4. Try to put yourself into your opponent’s shoes
People can understand perfectly well the things they’ve experienced themselves. However, when they face new situations or patterns of behavior they’re often puzzled. It’s naturally that you cannot comprehend something unless you get through it. But if you want to understand someone better try to put yourself into this person’s shoes. It means you should stop judging, jumping to conclusions and condemning. Just analyze. Chances are you’ll grasp the person’s motives and intentions, which will help you gain better understanding.
5. Remember that people’s actions don’t always coincide with their thoughts
This is the major reason of misunderstanding and disagreement between people. Sometimes it happens unintentionally, but what people want to do and what they actually do are two different things. For example, when a guy is in love and tries to attract a girl, he can do a lot of ridiculous things that will only scare the girl away. Sure, it’s easy to misinterpret the behavior, draw the wrong conclusion and spoil the relationship. And then, think how many times you said ‘Fine’ and ‘It’s okay’ when you felt absolutely opposite. Such behavior is typical of women, but sometimes men also behave this way. Our pride prevents us from showing our weaknesses, remember that. Sometimes a person needs support and encouragement regardless of what he or she says.
6. Learn to empathize
Very often all we need is a little sympathy and compassion to understand others. People cannot empathize when it comes to their offenders and rivals.
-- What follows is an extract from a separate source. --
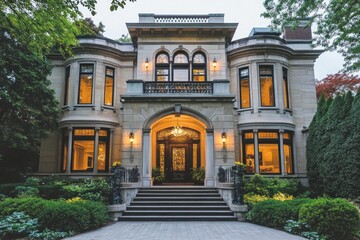 Magnificent Stone Mansion at Dusk: A Luxurious Home Exterior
However, it’s important that you understand all the people, even your enemies. Try to put off your anger, resentment, judgments and just sympathize. Sometimes understanding has nothing in common with actual knowledge of the facts and reasons. Try to switch off your mind and feel it with your heart. You’ll see that it’s much easier to understand people when you show little compassion.
7. Accept the difference
Regardless of the confession, language, race and social status, people still have a lot in common. We love, suffer, hope and laugh in the same way, so why do you think you cannot understand someone? Often you build a barrier yourself instead of being friendly and open to others. This enlarges the distance between you and the people, and it enlarges misunderstanding and estrangement. Remember that tolerance is the key to understanding. The ability to tolerate differences will give many opportunities to you. Apart from better understanding of people it’ll give you career prospects, friendship or travel possibilities.
You’ll never be able to read one’s thoughts, but you can still learn to understand people better. The most important thing about understanding is to be keen, attentive and compassionate. Gradually, you’ll learn to read people’s actions and behavior. Finally, take time to understand yourself; it also promotes better understanding of others.